"REMEMBER the sabbath day, to keep it holy" (Ex. 20:8). So begins the fourth great commandment of the Decalogue. It seems hardly possible that any directive could be stated with more simplicity, clarity, or with more understandable intent. That its meaning is distinct and beyond question is borne out by the fact that the most successful strategy for attack on this commandment by the carnal mind has been to imply that it is now null. This, however, is not the case with any law of God. This law has never been repealed or modified. It remains, just as when originally affirmed, a moral requirement for the spiritual advancement of mankind.

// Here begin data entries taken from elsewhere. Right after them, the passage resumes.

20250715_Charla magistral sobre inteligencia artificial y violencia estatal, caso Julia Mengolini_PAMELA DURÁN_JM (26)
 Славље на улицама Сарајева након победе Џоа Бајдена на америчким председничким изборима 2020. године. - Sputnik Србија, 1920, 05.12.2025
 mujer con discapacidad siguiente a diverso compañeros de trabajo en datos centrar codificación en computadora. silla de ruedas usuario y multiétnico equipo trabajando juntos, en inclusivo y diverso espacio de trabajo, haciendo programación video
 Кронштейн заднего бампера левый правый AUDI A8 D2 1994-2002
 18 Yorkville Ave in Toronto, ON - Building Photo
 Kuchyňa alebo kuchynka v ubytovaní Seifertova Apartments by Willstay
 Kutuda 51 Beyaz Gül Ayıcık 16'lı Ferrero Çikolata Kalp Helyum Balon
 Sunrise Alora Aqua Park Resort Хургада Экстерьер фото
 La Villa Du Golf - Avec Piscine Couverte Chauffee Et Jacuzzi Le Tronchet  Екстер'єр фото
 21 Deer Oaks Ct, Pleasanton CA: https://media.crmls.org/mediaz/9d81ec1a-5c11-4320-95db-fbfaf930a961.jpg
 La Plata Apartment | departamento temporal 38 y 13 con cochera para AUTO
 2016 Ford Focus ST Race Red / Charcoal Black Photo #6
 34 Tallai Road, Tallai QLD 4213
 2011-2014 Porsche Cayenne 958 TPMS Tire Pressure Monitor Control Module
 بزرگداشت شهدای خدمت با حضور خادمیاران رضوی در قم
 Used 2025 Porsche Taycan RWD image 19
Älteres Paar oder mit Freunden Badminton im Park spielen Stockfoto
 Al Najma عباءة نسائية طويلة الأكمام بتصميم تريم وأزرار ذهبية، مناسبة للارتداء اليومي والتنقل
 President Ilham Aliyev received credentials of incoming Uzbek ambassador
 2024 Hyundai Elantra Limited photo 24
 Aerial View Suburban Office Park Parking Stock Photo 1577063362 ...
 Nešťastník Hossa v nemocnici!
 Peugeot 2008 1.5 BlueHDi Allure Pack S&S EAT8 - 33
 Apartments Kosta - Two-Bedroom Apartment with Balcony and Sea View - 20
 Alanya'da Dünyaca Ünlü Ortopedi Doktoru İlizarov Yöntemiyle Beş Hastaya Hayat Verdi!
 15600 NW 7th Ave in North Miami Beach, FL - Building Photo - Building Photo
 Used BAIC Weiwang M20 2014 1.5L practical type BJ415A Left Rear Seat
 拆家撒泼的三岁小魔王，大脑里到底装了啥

There are those who conclude that because of his clashes with the religious authorities over the manner of keeping the Sabbath day, Jesus placed little importance on the literal implications of this commandment. This is, of course, pure conjecture. No instance is recorded of the Master's ever exempting the fourth commandment when he declared (Matt. 5: 17,18): "Think not that I am come to destroy the law, or the prophets: I am not come to destroy, but to fulfil. ... One jot or one tittle shall in no wise pass from the law, till all be fulfilled."
His enemies, however, thought they saw an opportunity to undermine his influence by purporting to give the lie to this stand. In using the Sabbath law as the tool with which to accomplish this, they relied not on the pure statement of the law, but on their own custom-designed precedent, a tactic not unfamiliar in our own day.